— What you are asked to do —
From the line containing "The Gates Shall" through the last line of the records below, output every line exactly, both ends included, except the pictures.
Start of Data listing
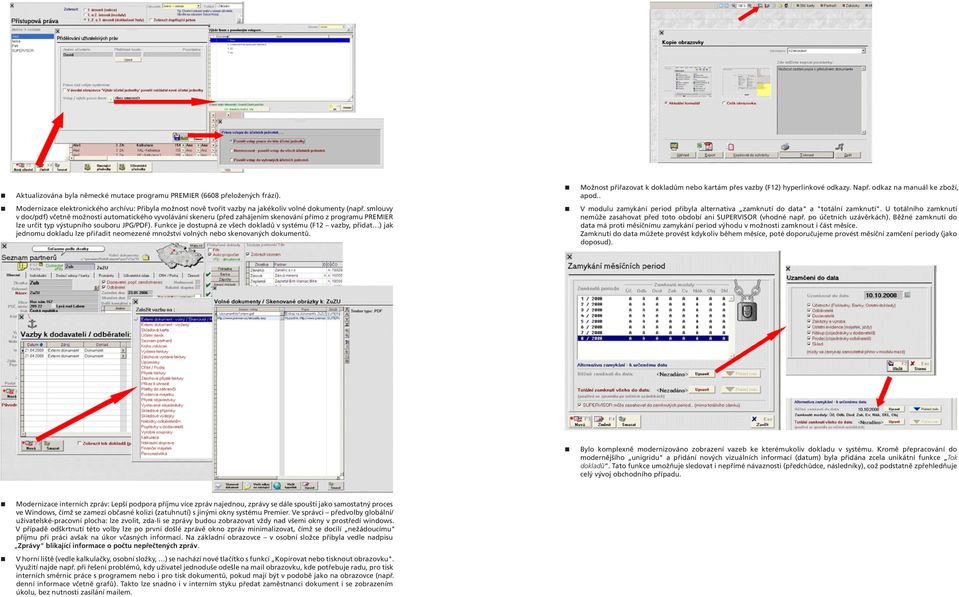 smlouvy v doc/pdf) včetně možnosti automatického vyvolávání skeneru (před zahájením skenování přímo z programu PREMIER lze určit typ výstupního souboru JPG/PDF).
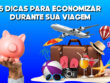 COMO ECONOMIZAR DURANTE UMA VIAGEM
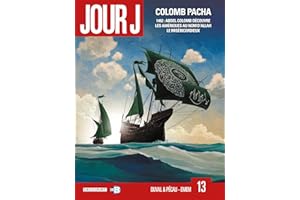 Jour J T13: Colomb Pacha
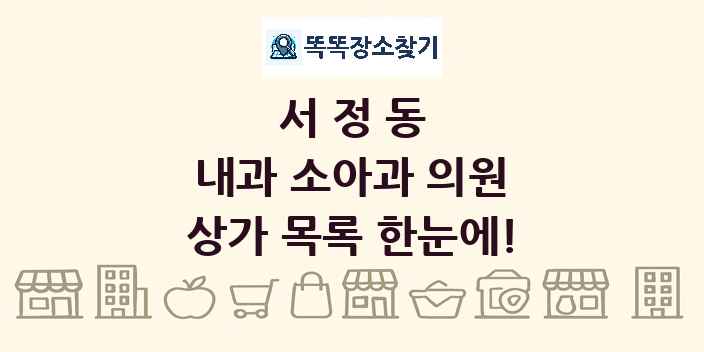 서정동 내과 소아과 의원 상가 목록 및 정보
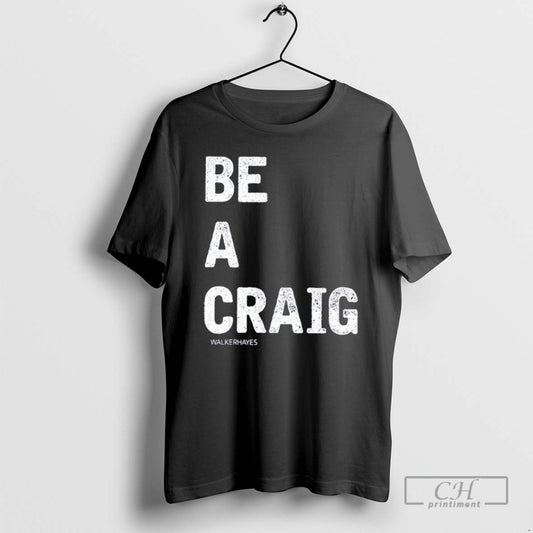 Premium Walker Hayes Be A Craig Shirt Sweater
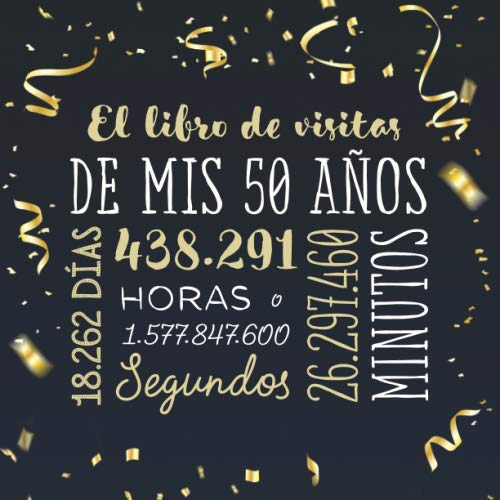 Feliz 50 Cumpleaños Libro de Visitas: Libro de Firmas Evento Fiesta Oro  Rosa I Encuadernación de Diamantes Negros y Dorados I Deseos por Escritos  de  Cumple 50 años I Regalos (Spanish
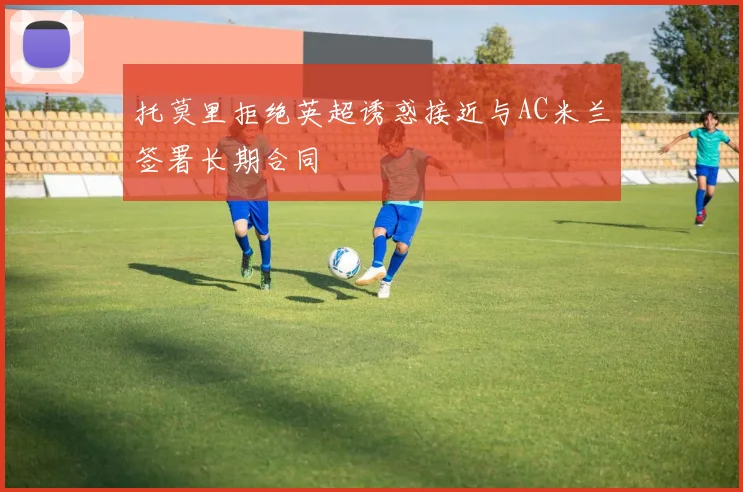 托莫里拒绝英超诱惑接近与AC米兰签署长期合同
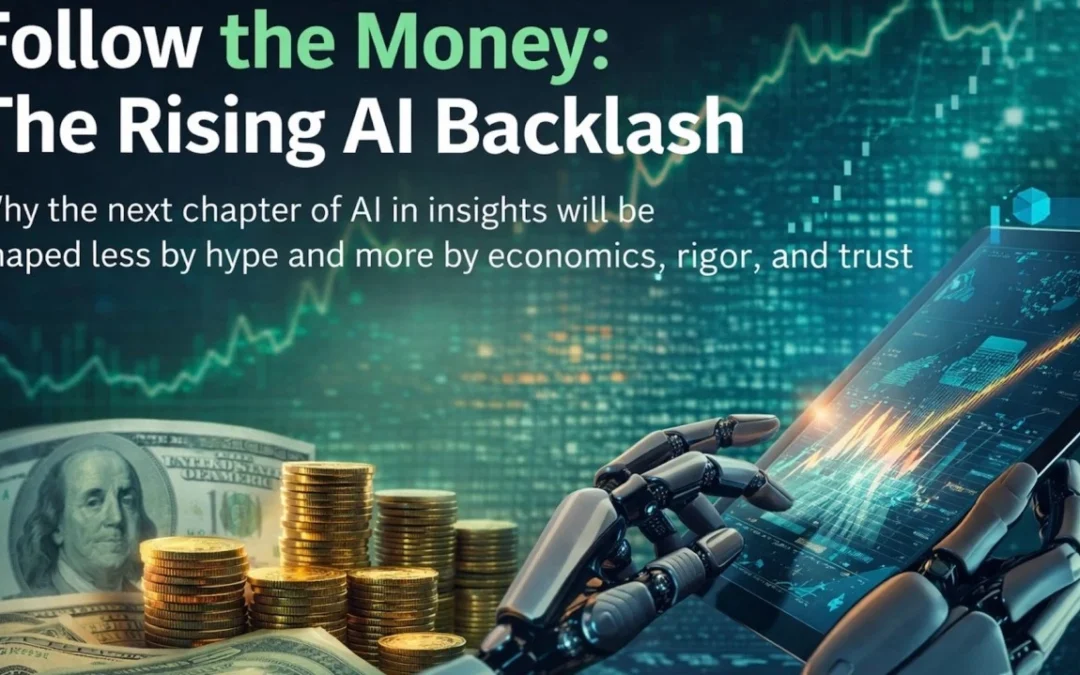 Discovering Why, Vol. 12: Follow the Money: The Rising AI Backlash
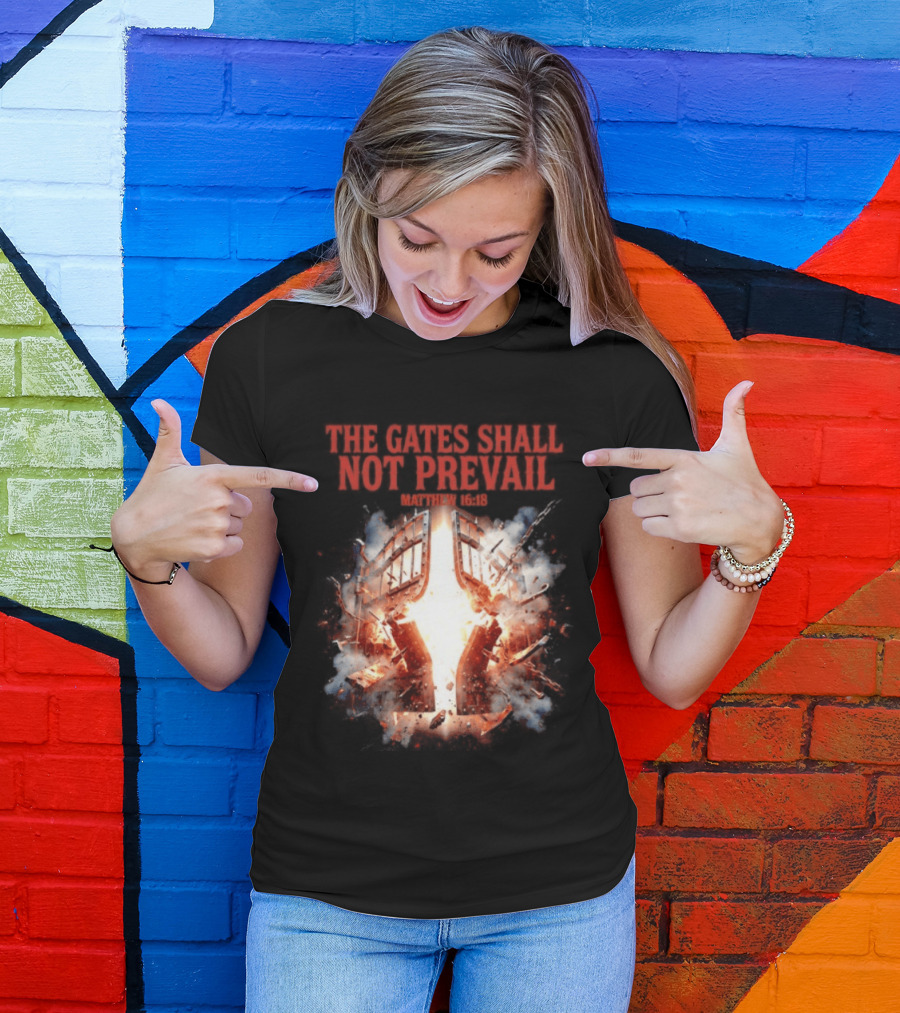 The Gates Shall Not Prevail Matthew 16 18 Explosive Fiery Scene T-Shirt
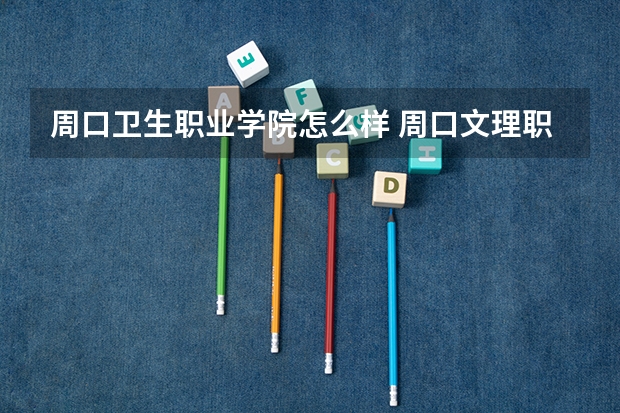 周口卫生职业学院怎么样 周口文理职业学院怎么样？好吗？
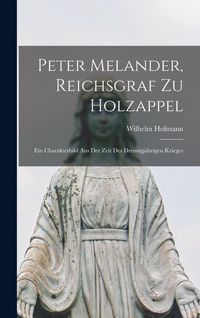 Produktbild: Peter Melander, Reichsgraf Zu Holzappel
End of Data listing
— Exercise response —
 The Gates Shall Not Prevail Matthew 16 18 Explosive Fiery Scene T-Shirt
 周口卫生职业学院怎么样 周口文理职业学院怎么样？好吗？
 Produktbild: Peter Melander, Reichsgraf Zu Holzappel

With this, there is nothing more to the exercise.